INEC did not collate and announce election results in real-time. This created tension and caused a lot of anxiety among the electorate. On the issue of ideological political party structuring, the 18 registered political parties did not show any remarkable improvement in electoral performance. Many of the parties acted as appendages to the dominant political parties (the All Progressives Congress (APC), the People’s Democratic Party (PDP), the Labour Party (LP), and the New Nigeria Peoples Party (NNPP). The few political parties that actively participated in the electoral process garnered about 2.70 per cent of the total votes cast. Furthermore, there is a general lack of confidence in the courts and election tribunals to fairly and promptly handle post-election issues. The rules governing the courts and election tribunals appear to be skewed unfairly against the petitioner.


Accordingly, four major issues can therefore be said to have marred the 2023 general elections. The first is the abject performance of Nigeria’s political parties. The second issue is the apparent inability of INEC to deliver on its mandate. The third is the slow and cumbersome procedure of voting and collation of election results. The fourth is the lack of confidence in the election conflict management processes and institutions.



In the aftermath of the 2007 general elections, the federal government constituted a 22 Member Electoral Reform Committee. The Committee was chaired by Hon. Justice Mohammed Lawal Uwais Retired. The Committee was charged to examine “…. the entire electoral process with a view to ensuring that we raise the quality and standard of our general elections thereby deepen our democracy.” This was an impressive and necessary initiative as the 2007 election was regarded as one of the worst in the nation’s electoral history.  The Electoral Act 2010 was a direct response to the Uwais Report published in 2008.

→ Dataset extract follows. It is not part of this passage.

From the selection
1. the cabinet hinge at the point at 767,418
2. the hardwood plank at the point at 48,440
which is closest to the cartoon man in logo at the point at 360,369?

Certain Amendments to the Constitution of the Federal Republic of Nigeria 1999 were also a reaction to the Uwais Report. Even though many aspects of the Uwais Report influenced the Electoral Act and the Nigerian Constitution, there are many other aspects of the Uwais Report that were abandoned. At the time, it was believed in some quarters that the adopted portions of the Uwais Report provided an adequate legal framework for elections in Nigeria. Regrettably, that has not been the case. The outcome of Nigeria’s 2011, 2015, 2019, and 2023 general elections has been far from acceptable. This article examines the four major issues that characterized the 2023 general elections and proffers solutions from the Uwais Report.



Nigeria currently has 18 registered political parties. The 18 registered political parties participated in the February 25, 2023, Presidential Elections. However, the results of the elections released by INEC did not show that 18 registered political parties participated.  Out of a total of 25,286,616 valid votes cast at the election, the dominant parties (that is PDP, APC, LP, and NNPP) garnered a total of 23,377,466 votes which is 97.30 per cent of the total number of the total valid votes. i.e. the total number of votes received by all political parties involved in the elections –excluding rejected votes. The other 14 political parties scored 648,474 or 2.70 per cent of the total valid votes. Again, this raises concern about the existence of 18 registered political parties.


In the past, several efforts were made to limit the number of registered political parties in Nigeria by imposing stringent registration requirements. The last effort was through the fourth alteration to the 1999 Constitution in 2018. In that alteration, the Constitution specifically empowered INEC to deregister political parties on the following grounds: Breach of any of the requirements for registration as a political party; failure to win at least 25% of the votes cast in one state of the federation in a presidential election or 25% of the votes cast in one local government area in a governorship election and failure to win at least one ward in a chairmanship election, one seat in the National or State Assembly election or one seat in a councillorship election. Sadly, this has not achieved the desired result. Some political parties still exist as rent seekers extracting value for their existence.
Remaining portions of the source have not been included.